Maintenant, je voulais ajouter un sous réseau wifi accessible éventuellement par mes guests qui ont besoin de se connecter à internet (amis de passage par exemple). impossible de trouver le menu.

Car dans l'interface de free il faut désactiver le mode routeur afin que Airport Extreme prenne en charge le mode routage et propose le menu correspondant, et les possibilité de plage d'adresses IP et de translation (NAT).

Premier point résolu; je me suis créé un réseau wifi d'entrée (adresse entrante free en 88.xxx.etc...) et une plage d'adresses translatées en 10.X.X.X.
Jai pu créer mon réseau d'invités. ca fonctionne nickel.

Point 2 :
Du coup j'utilise l'iphone aussi dans l'appart pour l'utiliser en wifi (consultation rapide d'emails, météo, etc....) et là j'avais des problèmes de perte de connexion.
J'avais aussi eu le problème sous free et voila la réponse.

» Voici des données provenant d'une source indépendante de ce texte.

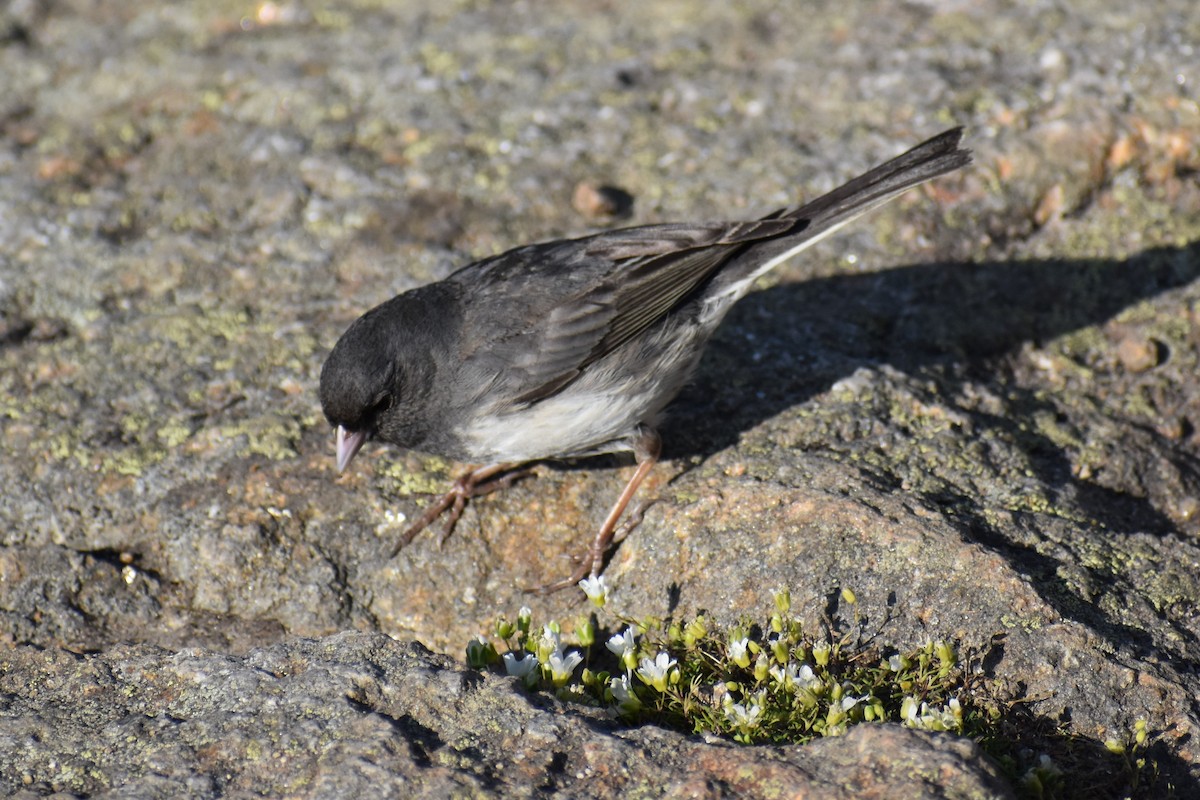 Junco Ojioscuro - ML523288371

Le problème vient de vos voisins qui peuvent être sur un canal qui entre en conflit du coup il y a rescan et perturbations.
Il faut changer le canal radio de la bande des 2,4 Ghz sur la borne wifi dans l'interface et là ....pof !! ca marche. Il faut peut etre chercher le bon canal.
Du coup j'ai aussi forcé la borne en mode 802.11 A/N au lieu de "automatique".

Plus de problèmes.


----------